R.D: This question leads me back again to my friendly running argument with Roger Chartier. In his criticism of my anthropological work, he claimed that he could find a native informant who would provide a definition of symbolism incompatible with the one I used-and so he would undercut my anthropological argument by means of an anthropological technique. He therefore looked up "symbol" in an eighteenth-century dictionary; noted a definition that stressed how one thing can stand for another; and cited the dictionary's example: the lion is a symbol of valor. In my reply, I insisted that the eighteenth-century dictionary did not provide an adequate notion of symbolism. It expressed one eighteenth-century view, but that view cannot be taken as a conceptual tool that is powerful enough to pry open the symbolic world of eighteenth-century Frenchmen.
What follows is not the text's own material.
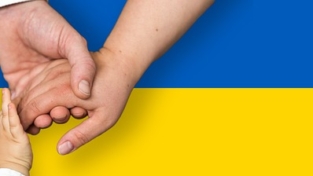 Guerra in Ucraina: “abbiamo accolto in casa nostra una mamma con due figli”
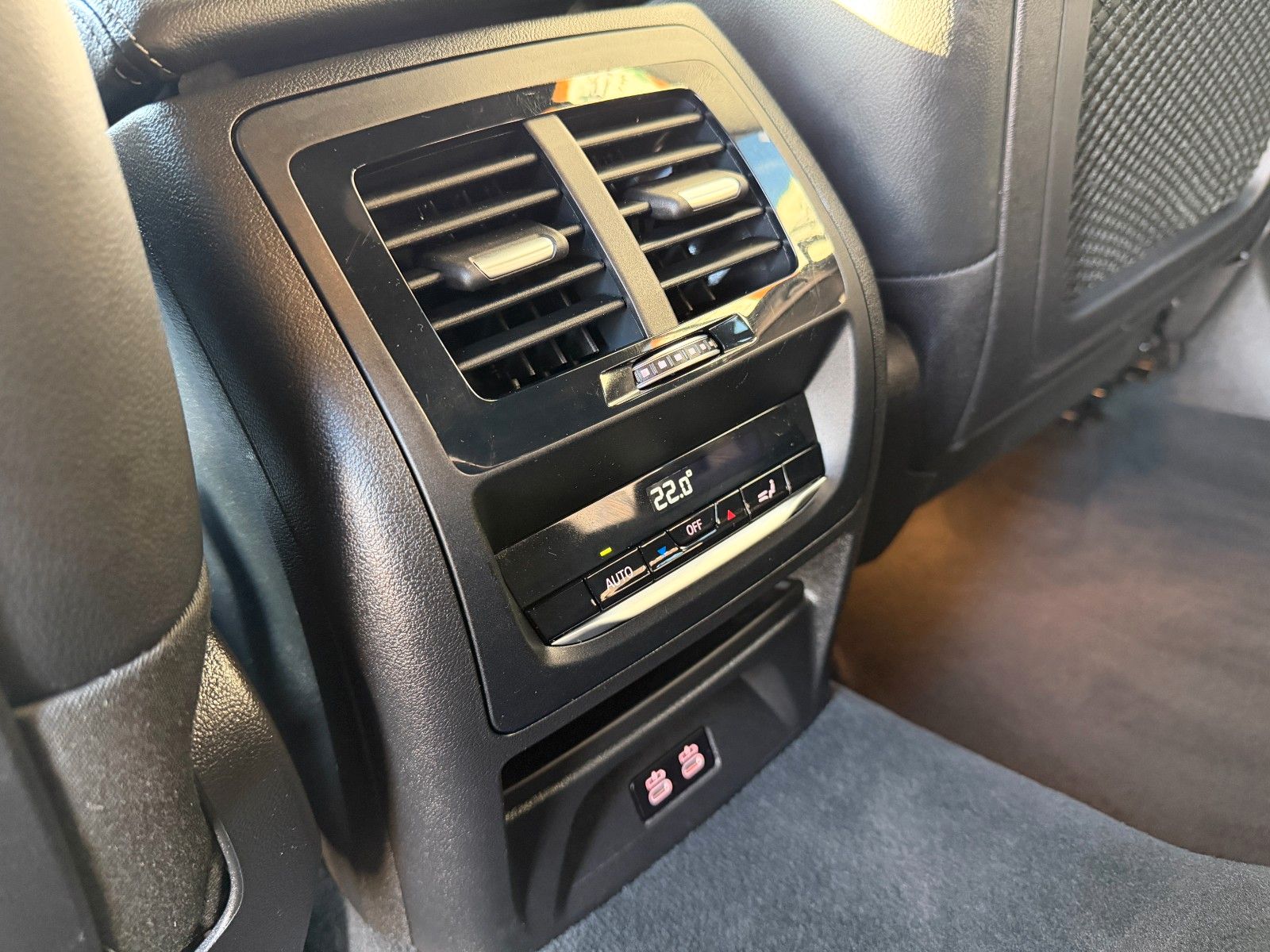 Fahrzeugabbildung BMW X4 xDrive 30 d M SPORT AHK NAVI LEDER 20 ZL. HUD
To develop an adequately anthropological approach, one must consult the concepts of symbolism developed in anthropological theory-not just by Clifford Geertz but also by Victor Turner, Mary Douglas, Keith Basso, Renato Rosaldo, Marshall Sahlins, and many others. Despite some disagreements among themselves, none of them subscribes to the simple idea of one thing standing for another-a concept that works better in some studies of allegories, although they, too, tend to be complex. No, the anthropologists all insist on the multivocal, multivalent character of symbols, their ability to convey many different meanings, especially when they are used in rituals.

In The Great Cat Massacre I tried to demonstrate the complexity of the symbolic associations connected with cats. I also tried to show how the ritual slaughter of cats converged with other rituals in complex patterns of behavior-the trial and execution of criminals, the persecution of witches, the performances in boulevard theaters, and the sexual braggadocio of males. This argument, which I called "ritual punning", has not, I think, been understood by my critics. But those who have some familiarity with semiotics have recognized the nature of my argument, even when they did not agree with it. Dominique La Capra, whom you cite, is much more hostile to my version of socio-cultural history than is Roger Chartier, but he accepts my general approach to symbolism. He then tries to undermine it by invoking notions derived from Derrida. My theoretical stance put me closer to Foucault. So one could spot some "maîtres à penser" looming behind us-and the contrasting sources of inspiration could be worked over at some length.

Today, however, those disputes look dated, and anthropology itself has shifted to other concerns. For one thing, it has become more historical. Anthropologists often do research in archives as well as field work, because they have recognized the deep, temporal dimension of the cultures they study. The old distinction-anthropologists study cultures set off by space, historians study cultures set off by time-no longer holds, and never did for anthropologists like Clifford Geertz. So I continue to believe in the fruitfulness of study that combines anthropology and history, even though the ground has shifted a great deal during the twenty years that have passed since the publication of The Great Cat Massacre.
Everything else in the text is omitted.